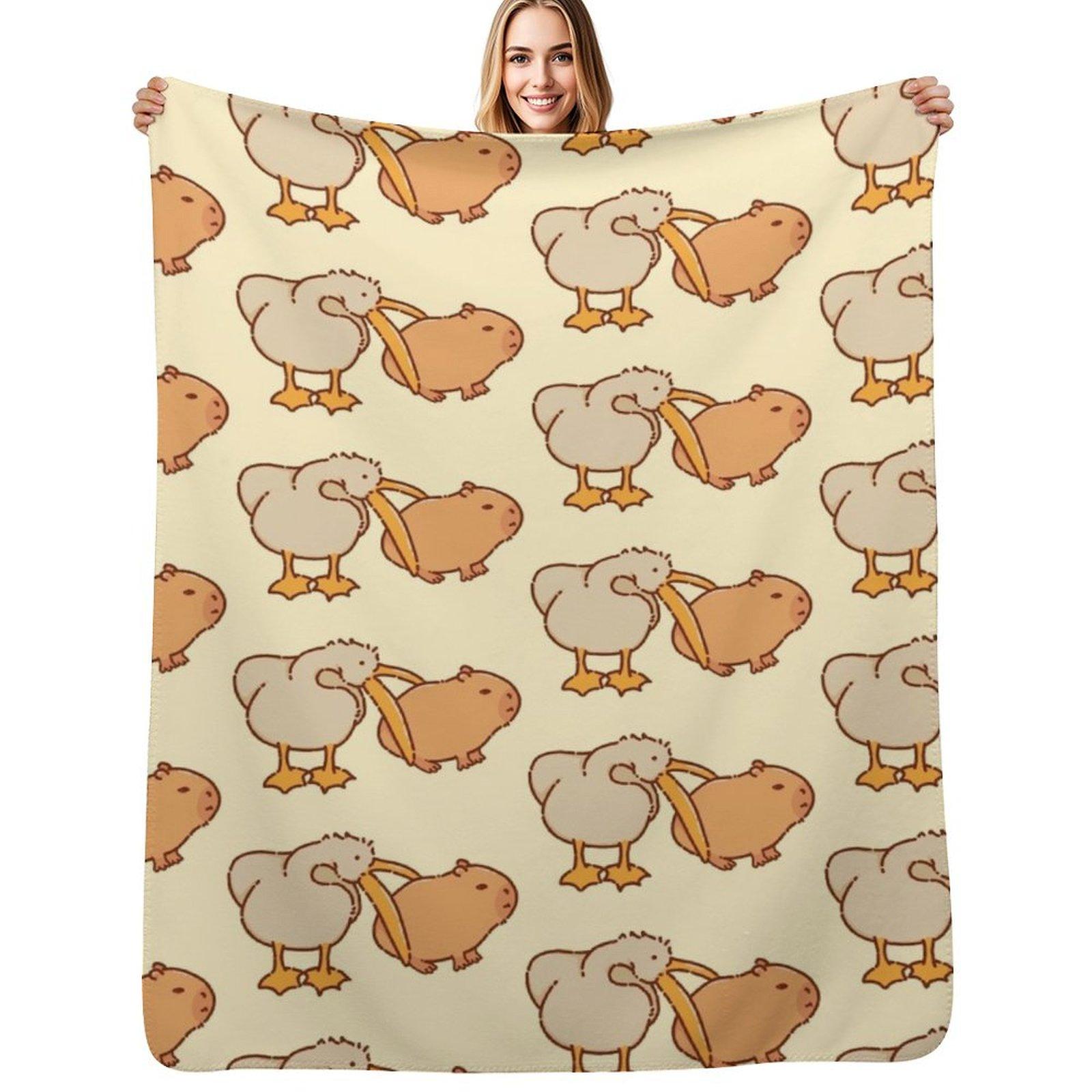Pelican and capybara very cute Throw Blanket Warm Napping Blanket for Office Couch Bed Size: 75*100cm, Weight: 230 GSM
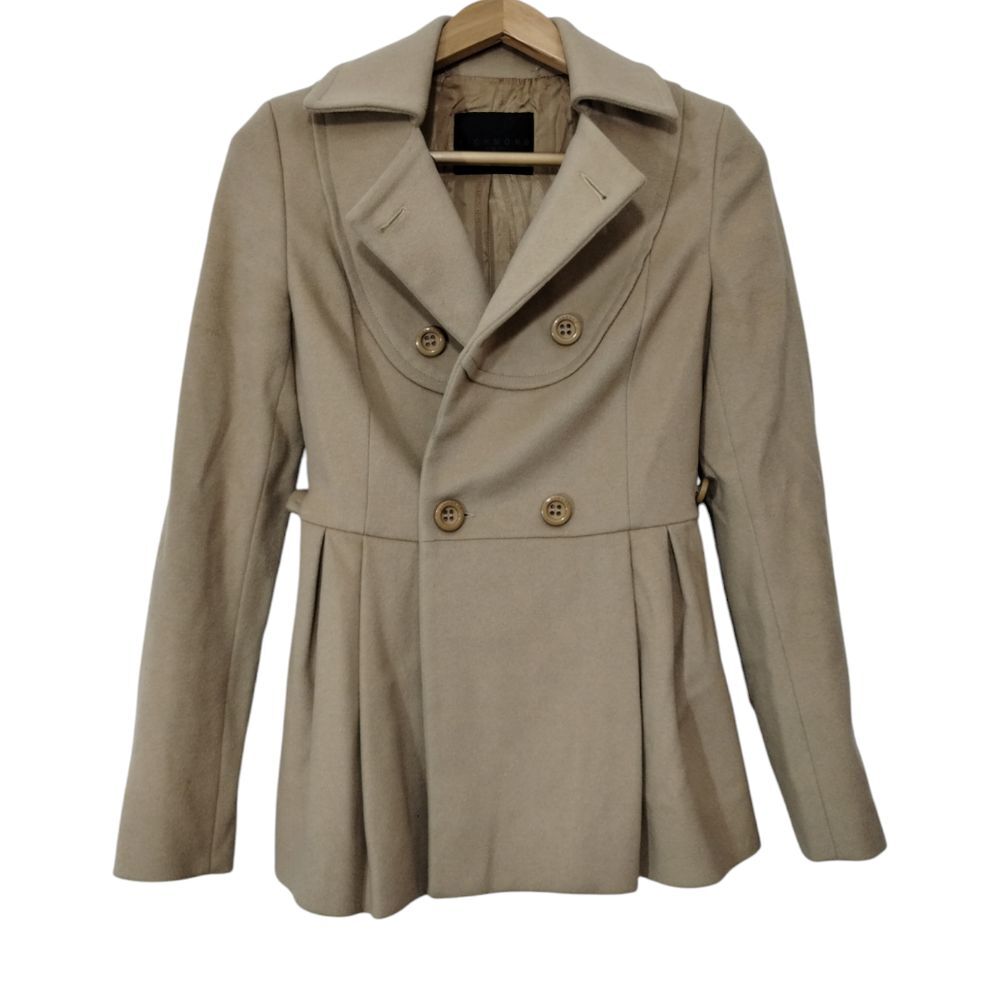 Richmond‎ X Women's Virgin Wool Blend Pleated Pea Coat Size 38 Beige Fully Lined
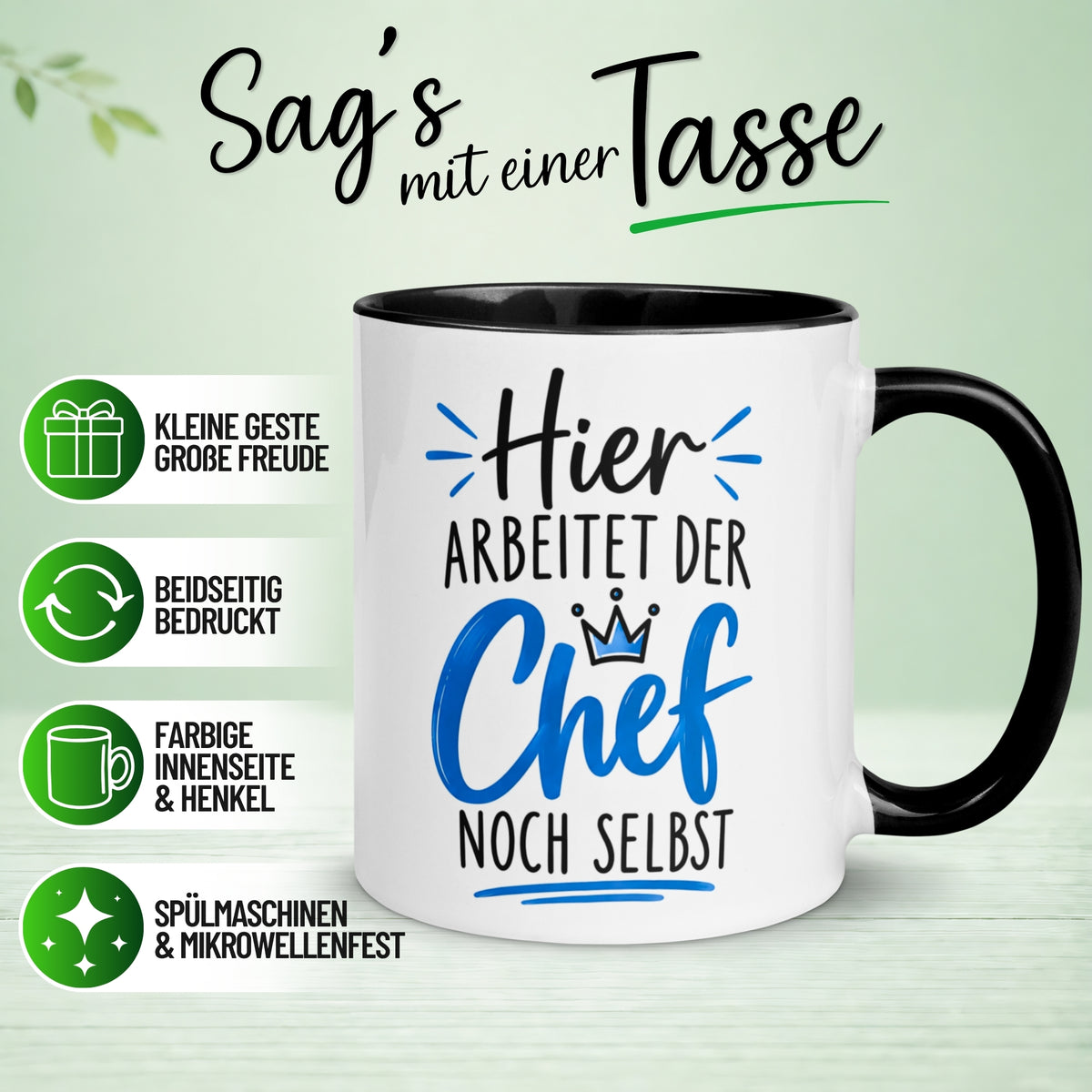 Tasse Chef – „Hier arbeitet der Chef noch selbst“ – Geschenk Kaffeetasse Bester Chef
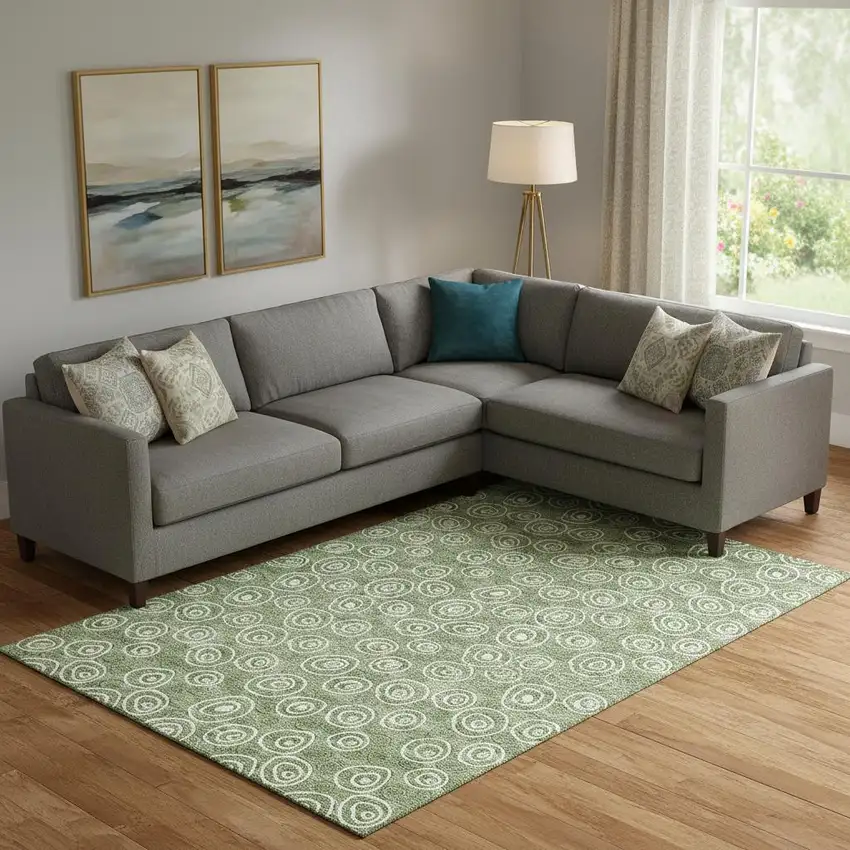 Green And Ivory Polka Dot Washable Area Rug With UV Protection Photo 1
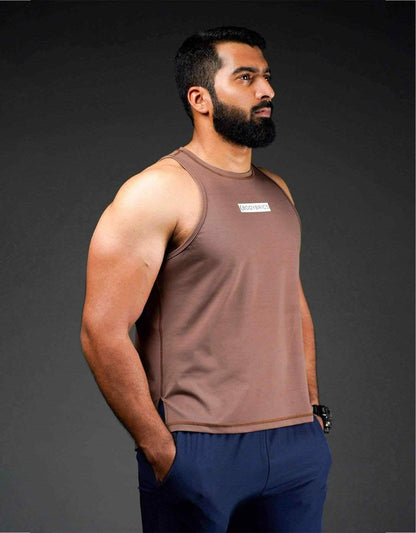 Bodybrics men's taupe sleeveless tank top with crew neck and chest logo patch
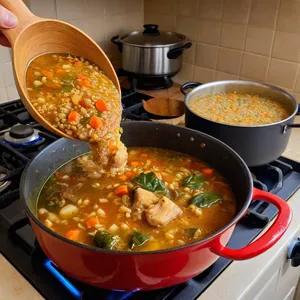 Рецепт Рассольник с курицей и перловкой - Соединение с заправкой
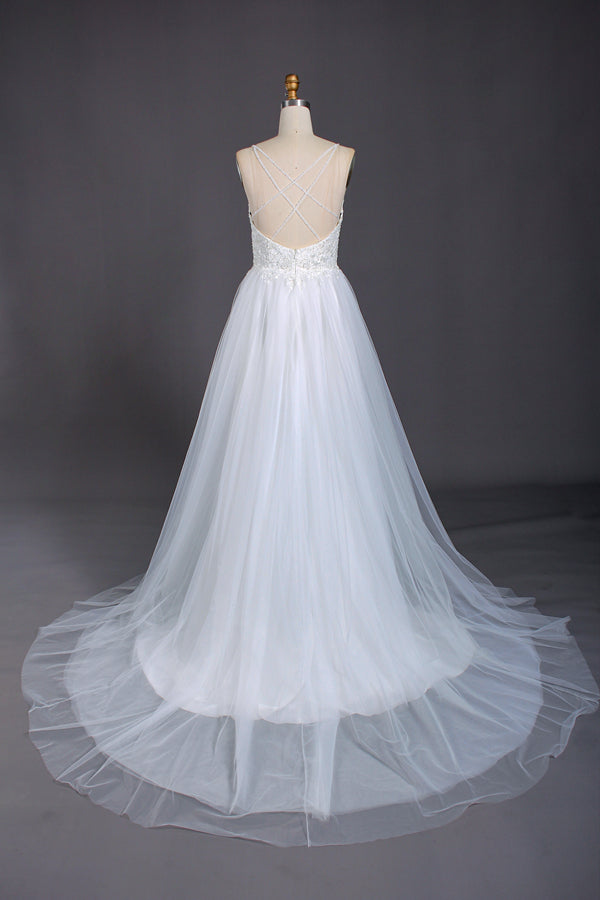 Wholesale Plunging V - Neck Wedding Dress 3293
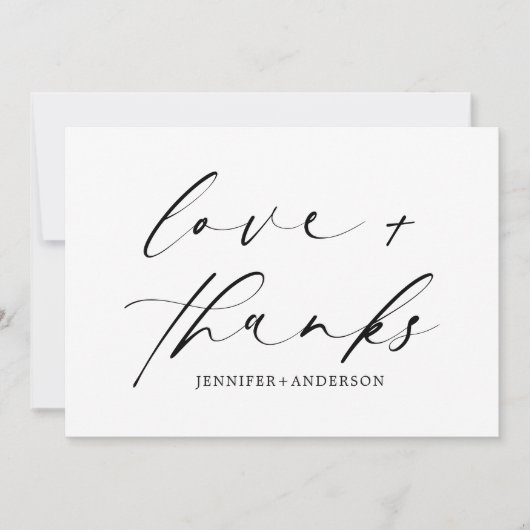 Elegant Love and Bedankt Script Photo Wedding (Voorkant)
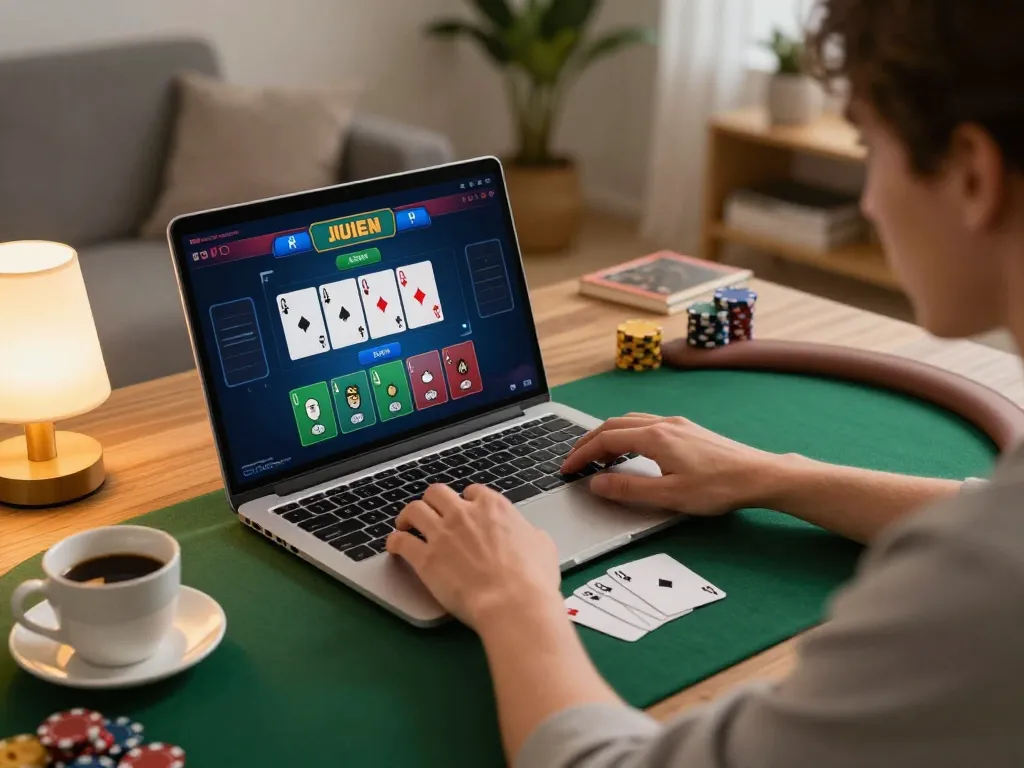 Player engaging with the 92slot com poker interface at home, highlighting online gaming excitement.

_PROBLEM:_
The answer must be an exact transcription of the lines from the one containing "Wholesale Plunging V" through the last line of the records above, both included, with no pictures.

_RESULT OF THE EXERCISE:_
 Wholesale Plunging V - Neck Wedding Dress 3293
 Elegant Love and Bedankt Script Photo Wedding (Voorkant)
 Player engaging with the 92slot com poker interface at home, highlighting online gaming excitement.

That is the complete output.